Sanyam Bhutani: Hello Sebastian, Thank you for taking the time to do this.
Sebastian Ruder: Thanks for having me.
Could you tell the readers about how you got started? What got you interested in NLP and Deep Learning?
Sebastian Ruder: I was really into maths and languages when I was in high school and took part in competitions. For my studies, I wanted to combine the logic of maths with the creativity of language somehow but didn’t know if such a field existed. That’s when I came across Computational Linguistics, which seemed to be a perfect fit at the intersection of computer science and linguistics. I then did my Bachelor’s in Computational Linguistics at the University of Heidelberg in Germany, one of my favourite places in Europe. During my Bachelor’s, I got most excited by machine learning, so I tried to get as much as exposure to ML as possible via internships and online courses. I only heard about word2vec as I was finishing my undergrad in 2015; as I learned more about Deep Learning at the start of my Ph.D. later that year, it seemed to be most exciting direction, so I decided to focus on it.
Sanyam Bhutani: You started your research right after graduation.
What made you pick research as a career path instead of the industry?

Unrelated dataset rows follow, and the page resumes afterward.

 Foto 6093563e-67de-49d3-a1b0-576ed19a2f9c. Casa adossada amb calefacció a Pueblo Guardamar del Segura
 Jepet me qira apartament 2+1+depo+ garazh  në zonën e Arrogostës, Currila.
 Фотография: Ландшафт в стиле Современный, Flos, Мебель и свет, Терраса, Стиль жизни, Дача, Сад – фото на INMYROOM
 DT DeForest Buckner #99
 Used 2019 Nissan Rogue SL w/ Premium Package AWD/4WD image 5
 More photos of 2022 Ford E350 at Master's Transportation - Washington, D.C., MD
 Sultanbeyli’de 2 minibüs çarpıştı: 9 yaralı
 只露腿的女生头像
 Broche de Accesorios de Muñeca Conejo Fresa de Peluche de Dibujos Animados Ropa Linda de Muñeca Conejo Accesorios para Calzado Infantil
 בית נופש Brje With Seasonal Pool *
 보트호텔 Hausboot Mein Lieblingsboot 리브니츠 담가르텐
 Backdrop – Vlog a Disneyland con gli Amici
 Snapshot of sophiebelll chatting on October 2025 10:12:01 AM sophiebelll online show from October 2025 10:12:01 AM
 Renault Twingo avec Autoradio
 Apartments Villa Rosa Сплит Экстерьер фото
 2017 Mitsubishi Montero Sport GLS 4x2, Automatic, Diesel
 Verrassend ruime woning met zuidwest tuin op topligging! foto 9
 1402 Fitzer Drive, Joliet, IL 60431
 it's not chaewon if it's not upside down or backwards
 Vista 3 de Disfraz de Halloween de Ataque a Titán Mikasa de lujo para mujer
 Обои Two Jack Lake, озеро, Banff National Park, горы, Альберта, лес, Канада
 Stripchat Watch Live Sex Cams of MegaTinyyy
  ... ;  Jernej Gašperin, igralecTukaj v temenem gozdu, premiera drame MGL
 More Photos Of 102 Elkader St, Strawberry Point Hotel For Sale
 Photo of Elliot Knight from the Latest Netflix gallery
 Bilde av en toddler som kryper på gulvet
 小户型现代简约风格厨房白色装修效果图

Sebastian Ruder: After graduating, I was planning to get some industry experience first by working in a startup. A PhD was always something I had dreamed of, but I hadn’t seriously considered it at that point. When I discussed working with the Dublin-based NLP startup Aylien, they told me about the Employment-based Postgraduate Programme, a PhD programme that is hosted jointly by a university and a company, which seemed like the perfect fit for me. Combining research and industry work can be challenging at times, but has been rewarding for me overall. Most importantly, there should be a fit with the company.
Sanyam Bhutani: You’ve been working as a researcher for 3 years now. What has been your favorite project during these years?
Sebastian Ruder: In terms of learning, delving into a new area where I don’t know much, reading papers, and getting to collaborate with great people. In this vein, my project working on multi-task learning at the University of Copenhagen was a great and very stimulating experience. In terms of impact, being able to work with Jeremy, interacting with the fastai community, and seeing that people find our work on language models useful.
Sanyam Bhutani: Natural Language Processing has arguably lagged behind Computer Vision.
What are your thoughts about the current scenario? Is it a good time to get started as an NLP Practitioner?
Sebastian Ruder: I think now is a great time to get started with NLP. Compared to a couple of years ago, we’re at a point of maturity where you’re not limited to just using word embeddings or off-the-shelf models, but you can compose your model from a wide array of components, such as different layers, pretrained representations, auxiliary losses, etc. There also seems to be a growing feeling in the community that many of the canonical problems (POS tagging and dependency parsing on the Penn Treebank, sentiment analysis on movie reviews, etc.) are close to being solved, so we really want to make progress on more challenging problems, such as “real” natural language understanding and creating models that truly generalize. For these problems, I think we can really benefit from people with new perspectives and ideas. In addition, as we can now train models for many useful tasks such as classification or sequence labelling with good accuracy, there are a lot of opportunities for applying and adapting these models to other languages. If you’re a speaker of another language, you can make a big difference by creating datasets others can use for evaluation and training models for that language.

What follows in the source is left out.